Polski medalista olimpijski znalazł nową pracę. Nie uwierzysz, czym się zajął

Jan Szymański to brązowy medalista zimowych igrzysk olimpijskich w Soczi z 2014 roku. W swoim dorobku ma wiele triumfów w zawodach Pucharu Świata, ale także wiele medali mistrzostw Polski seniorów. W 2023 roku poinformował o zakończeniu sportowej kariery. Po odłożeniu łyżew na półkę zajął się czymś zupełnie niezwiązanym ze sportem.

34-letni dziś Jan Szymański do końca życia zapamięta 22 lutego 2014 roku. To właśnie tego dnia polska drużyna w składzie z nim, Konradem Niedźwiedzkim i Zbigniewem Bródką pokonała Kanadyjczyków i wywalczyła brązowy medal Zimowych Igrzysk Olimpijskich w Soczi.

Zobacz wideo To on uczy polskich skoczków latać. Oto jak pracuje

Nietypowe zajęcie Jana Szymańskiego. To rodzinny biznes

Od tego czasu minęła już ponad dekada. Szymański nie startuje już w zawodach. Karierę zakończył na początku 2023 roku. Okazuje się jednak, że udało mu się odnaleźć w "życiu po życiu". Były panczenista znalazł czas i porozmawiał z "Przeglądem Sportowym".

- Mama nadal prowadzi kwiaciarnie. Czasem jej pomagam, moja dziewczyna też. To rodzinny biznes, trzeba się wspierać. Organizujemy też śluby, wtedy jestem angażowany do rozwożenia czy rozstawiania dekoracji - zdradza Szymański. 

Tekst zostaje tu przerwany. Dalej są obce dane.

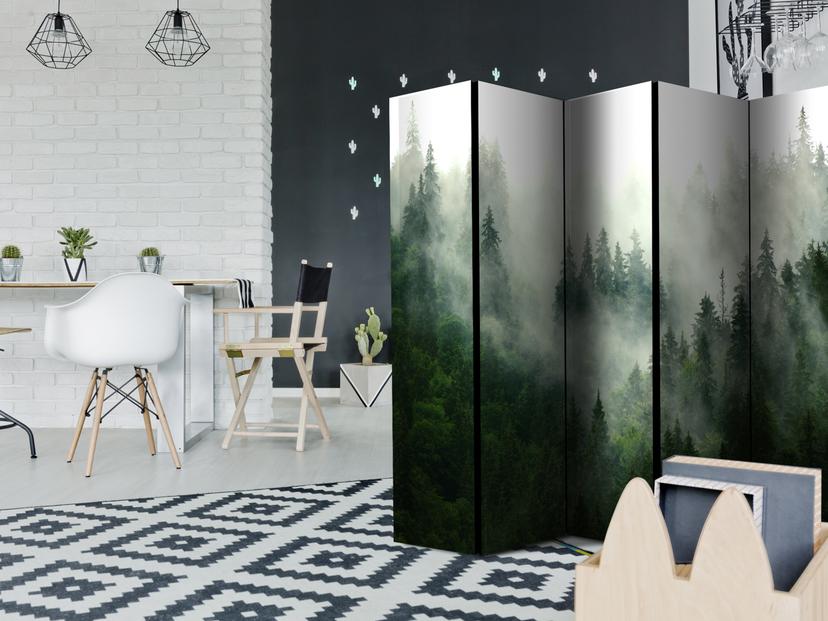 Schermo divisorio - Foresta di conifere , 5 pezzi - 225x172 cm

Jak przyznaje, zdarzają się sytuacje, w których ludzie zagadują go, że go kojarzą. Są to jednak pojedyncze przypadki. - Raczej nie poznają. Nie dziwię się, trochę lat minęło. Ale nie oszukujmy się – łyżwiarstwo nigdy nie było popularnym sportem. Nawet w tym sezonie chłopaki osiągają bardzo dobre wyniki w sprincie, a jest o nich mało w porównaniu np. do skoczków narciarskich, którzy mają słabe wyniki. Widzę to na naszych portalach. Ktoś odpadnie w kwalifikacjach i jest to analizowane, opisywane - tłumaczy.

Praca w kwiaciarni nie sprawiła, że Szymański całkowicie porzucił sport. Co więcej - udało mu się odwiedzić jeden z najnowocześniejszych torów łyżwiarskich w Europie - Arenę Lodową położoną w Tomaszowie Mazowieckim. - W zeszłym roku byłem na Pucharze Świata w Tomaszowie Mazowieckim. Pojeździłem i pokibicowałem. Potem w połowie grudnia dzięki niskim temperaturom udało mi się pojeździć na jeziorku w Poznaniu. Nie mam ciśnienia, by jeździć regularnie na łyżwach. Jeżdżę za to na rolkach, średnio raz tygodniowo. Prowadzę treningi z Mastersami - opowiada. 

Poza pomocą w rodzinnym biznesie Jan Szymański posiada studio treningowe, w którym szlifuje formę ludzi. - Mam co robić. Przez prawie cały tydzień zaczynam zajęcia o godz. 6 rano. Pracuję głównie z amatorami, ale mam młodego piłkarza, kolarza, wrotkarzy - przyznaje.